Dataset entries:

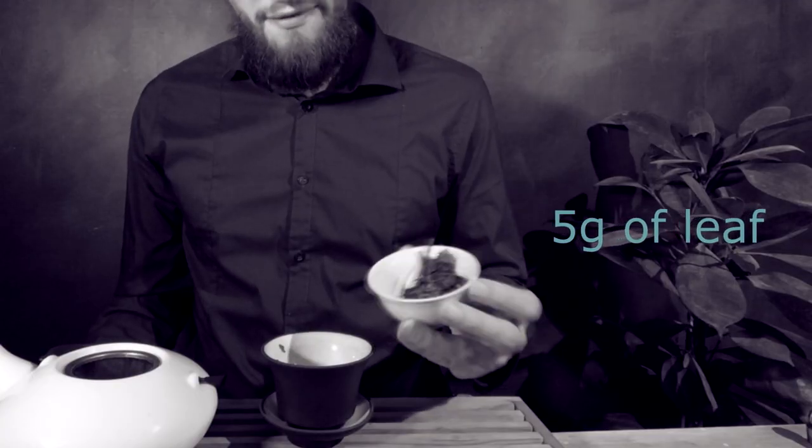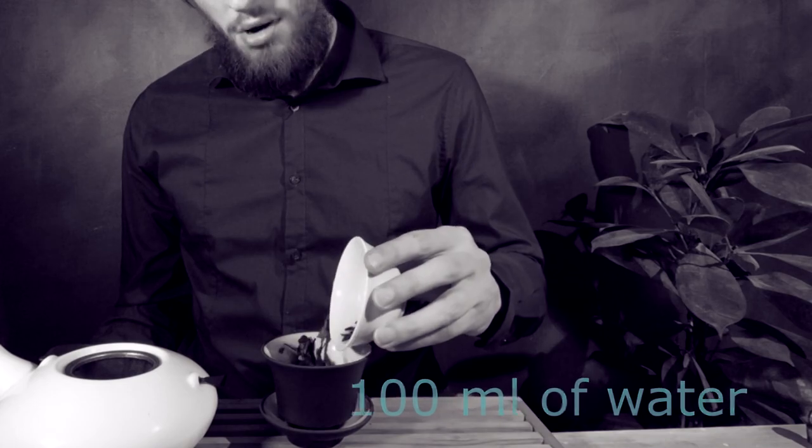But how much do I add? Well, it depends on the type of tea and the size of the Gaiwan. But the general rule is 5 grams of leaf into 100 milliliters of water. If you're interested in tea brewing details, I'll leave a link in the description so you can become a tea brewing master yourself — or at least a grasshopper.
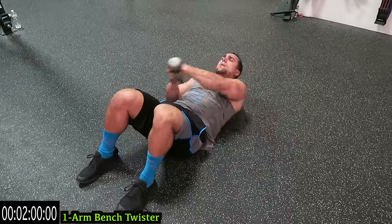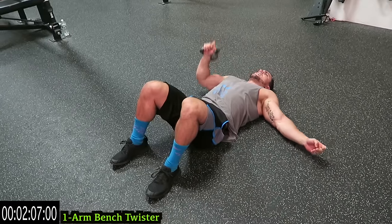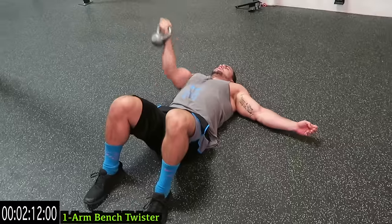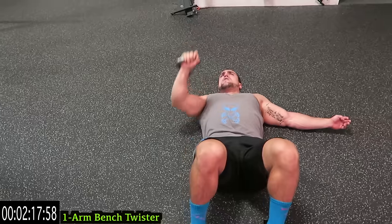Switch back — we're going to the one arm bench twister. Come up with the palm forward, then switch the palm position and come back up. As fast as you can, bang out those reps, switching that hand position every single repetition. You are alternating with that grip — bang out those reps.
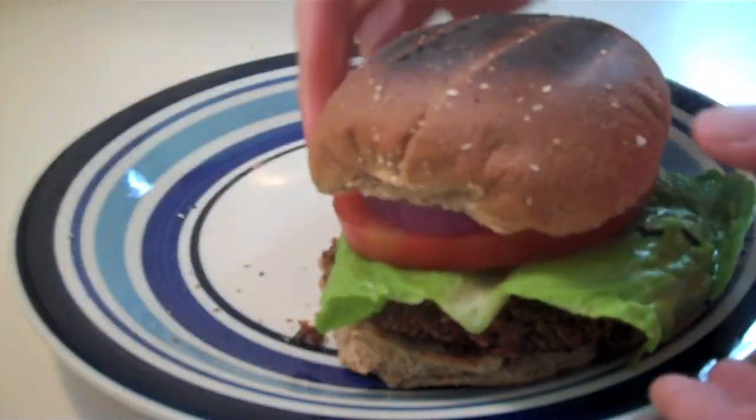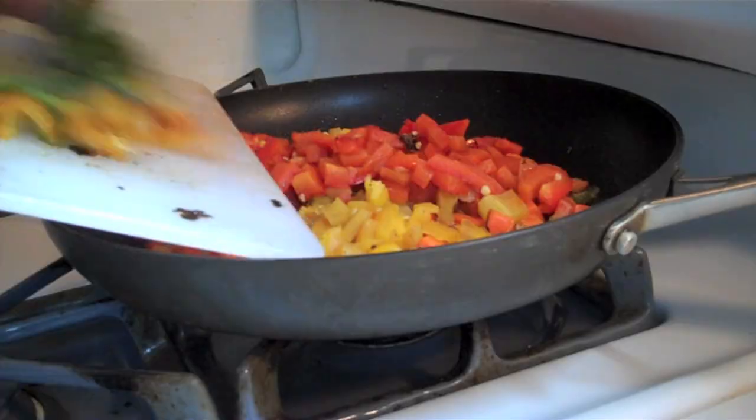Now all we have to do is put the burger together. Look, the pressure just builds up and I'm like... And that's what you want to hear — you want to hear that sizzle.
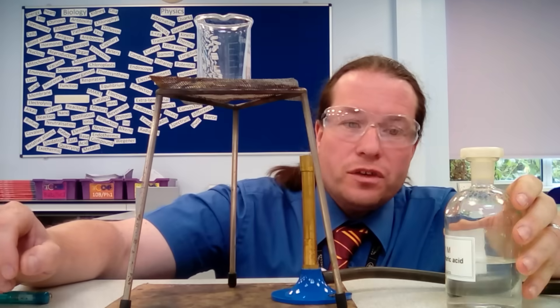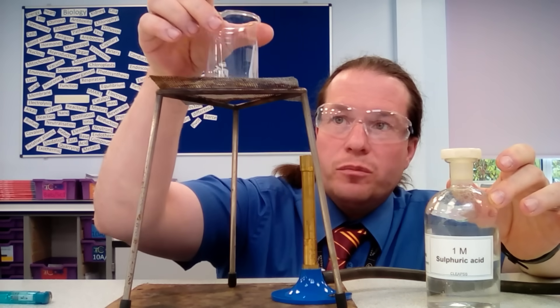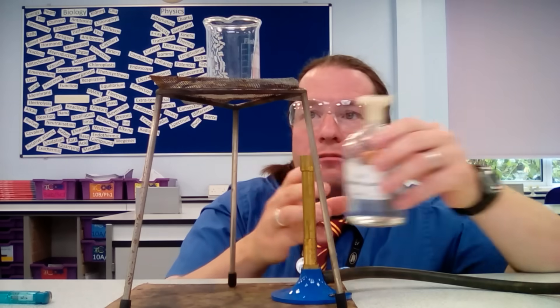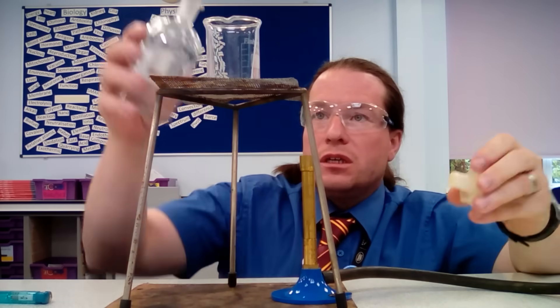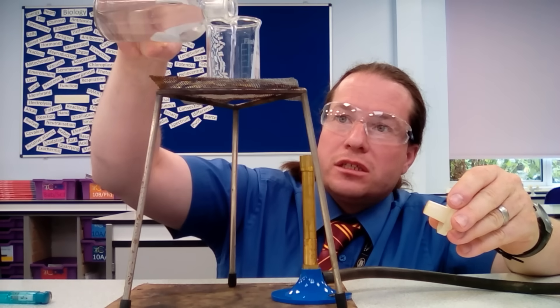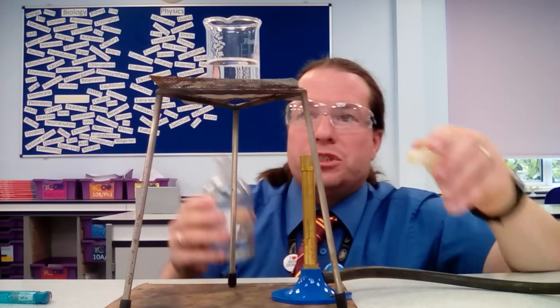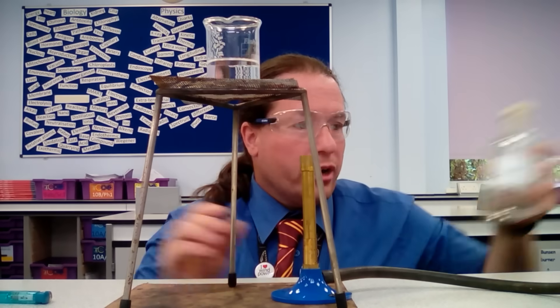The first thing we do is measure the sulfuric acid into the beaker. We want about 40 ml — it's not that accurate, so we don't need to use a measuring cylinder. We just use the gradations on our beaker.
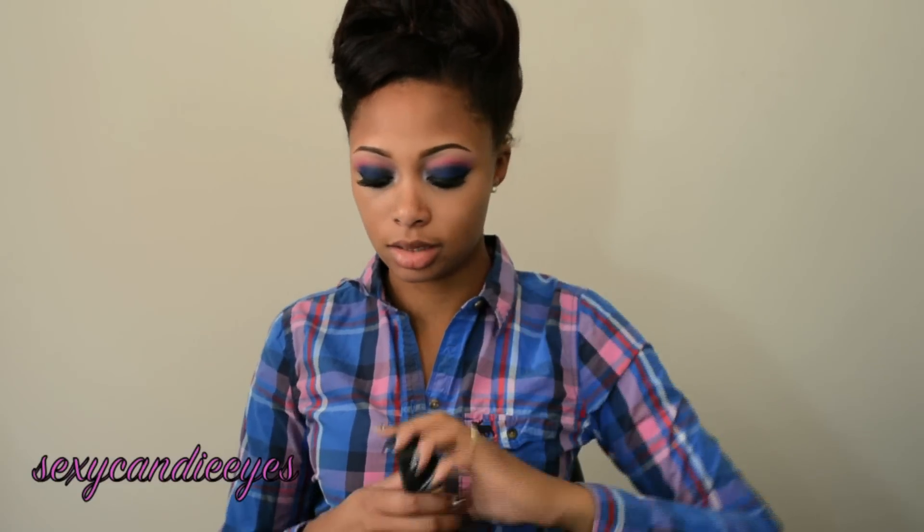I've completed my eyes and I'm now going to move on to my face. I'm going to use my NARS Sheer Glow Foundation in Cadiz. I'll just use a sponge to apply it because I'm not going to apply too much.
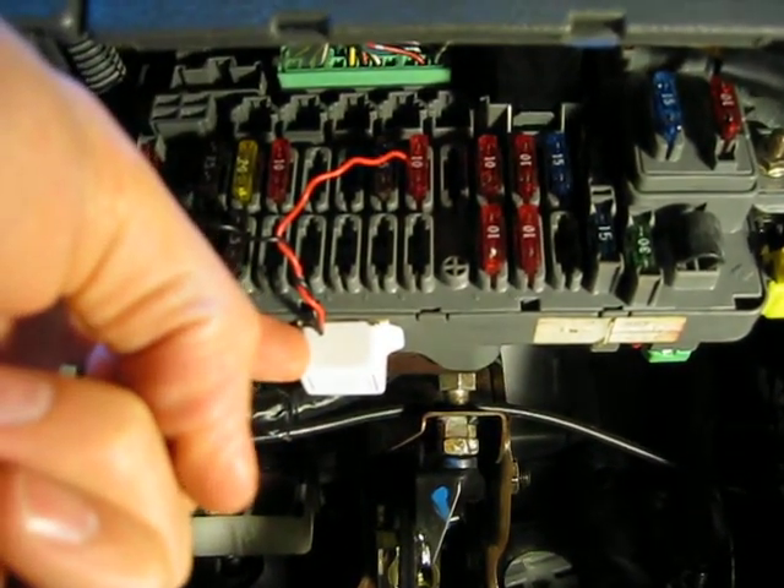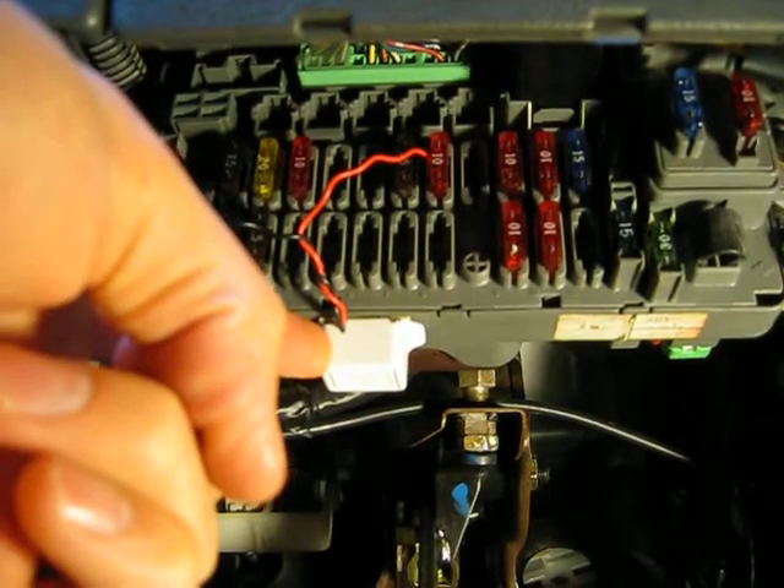Buy a $3.49 piezo buzzer from Radio Shack. This one is 75 decibels.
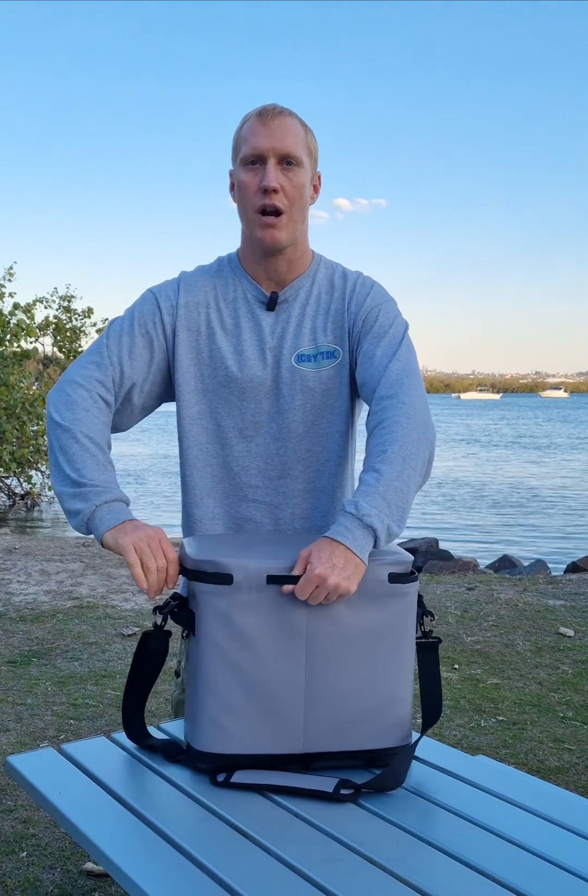It has no metal components so it won't corrode. There's also a small compartment on the front, good for putting your car keys or a mobile phone — just your accessories, kept separate from your food. That's the size 20 soft cooler bag from Icey Tek.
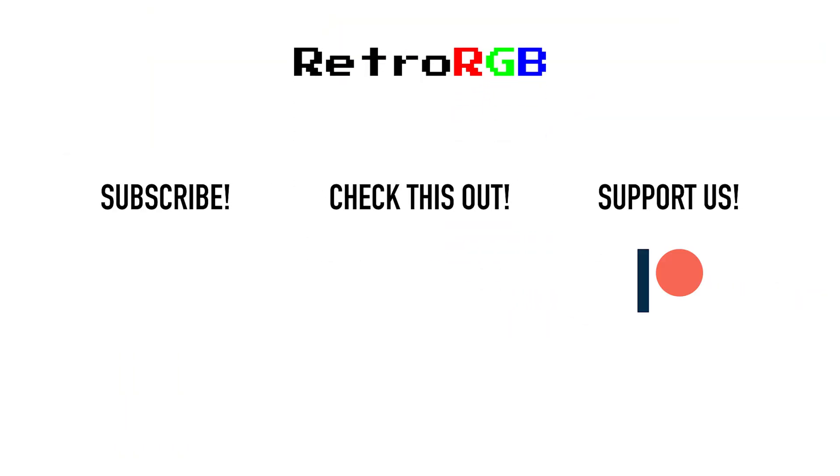Well, that's it for this time. If you liked this video, please consider signing up for any of my support services, as it's your contribution that's keeping this channel going. Also check out the weekly podcast that keeps you in the loop of everything going on in the retro gaming scene. Thanks, and I'll see you next time.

→ **AIM OF THE TASK**
Reproduce all entries without any change, and omit the pictures.

→ **EXERCISE SOLUTION**
But how much do I add? Well, it depends on the type of tea and the size of the Gaiwan. But the general rule is 5 grams of leaf into 100 milliliters of water. If you're interested in tea brewing details, I'll leave a link in the description so you can become a tea brewing master yourself — or at least a grasshopper.
Switch back — we're going to the one arm bench twister. Come up with the palm forward, then switch the palm position and come back up. As fast as you can, bang out those reps, switching that hand position every single repetition. You are alternating with that grip — bang out those reps.
Now all we have to do is put the burger together. Look, the pressure just builds up and I'm like... And that's what you want to hear — you want to hear that sizzle.
The first thing we do is measure the sulfuric acid into the beaker. We want about 40 ml — it's not that accurate, so we don't need to use a measuring cylinder. We just use the gradations on our beaker.
I've completed my eyes and I'm now going to move on to my face. I'm going to use my NARS Sheer Glow Foundation in Cadiz. I'll just use a sponge to apply it because I'm not going to apply too much.
Buy a $3.49 piezo buzzer from Radio Shack. This one is 75 decibels.
It has no metal components so it won't corrode. There's also a small compartment on the front, good for putting your car keys or a mobile phone — just your accessories, kept separate from your food. That's the size 20 soft cooler bag from Icey Tek.
Well, that's it for this time. If you liked this video, please consider signing up for any of my support services, as it's your contribution that's keeping this channel going. Also check out the weekly podcast that keeps you in the loop of everything going on in the retro gaming scene. Thanks, and I'll see you next time.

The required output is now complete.